◆ **DESCRIPTION OF THE TASK**:
Give back each line of the listing below that contains the string "ceiling".

◆ **THE RECORDS**:
▶
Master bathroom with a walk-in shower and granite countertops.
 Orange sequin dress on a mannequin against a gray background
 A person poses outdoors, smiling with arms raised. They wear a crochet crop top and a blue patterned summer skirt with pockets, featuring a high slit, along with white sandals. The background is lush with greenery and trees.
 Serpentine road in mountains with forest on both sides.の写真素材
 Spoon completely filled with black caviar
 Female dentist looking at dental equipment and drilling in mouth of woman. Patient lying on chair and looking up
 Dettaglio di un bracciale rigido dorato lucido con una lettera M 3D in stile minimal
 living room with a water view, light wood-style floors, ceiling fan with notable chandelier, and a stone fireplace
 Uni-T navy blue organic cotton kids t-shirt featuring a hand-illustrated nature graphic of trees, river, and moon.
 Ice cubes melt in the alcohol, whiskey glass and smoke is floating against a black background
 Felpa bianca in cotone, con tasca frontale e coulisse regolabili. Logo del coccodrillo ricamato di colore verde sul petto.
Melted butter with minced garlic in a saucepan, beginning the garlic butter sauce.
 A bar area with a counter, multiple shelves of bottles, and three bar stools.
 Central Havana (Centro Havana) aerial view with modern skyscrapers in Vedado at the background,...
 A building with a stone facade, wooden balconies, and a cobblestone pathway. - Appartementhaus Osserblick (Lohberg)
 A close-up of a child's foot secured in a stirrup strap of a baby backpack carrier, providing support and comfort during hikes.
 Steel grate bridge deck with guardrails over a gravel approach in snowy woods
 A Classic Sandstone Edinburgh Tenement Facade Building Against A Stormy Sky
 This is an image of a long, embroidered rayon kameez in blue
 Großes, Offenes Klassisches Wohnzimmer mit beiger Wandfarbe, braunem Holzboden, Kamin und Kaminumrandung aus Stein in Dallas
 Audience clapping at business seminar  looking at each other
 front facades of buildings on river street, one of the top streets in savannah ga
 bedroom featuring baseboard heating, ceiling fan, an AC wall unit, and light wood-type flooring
◀
◆ **EXERCISE SOLUTION**:
 living room with a water view, light wood-style floors, ceiling fan with notable chandelier, and a stone fireplace
 bedroom featuring baseboard heating, ceiling fan, an AC wall unit, and light wood-type flooring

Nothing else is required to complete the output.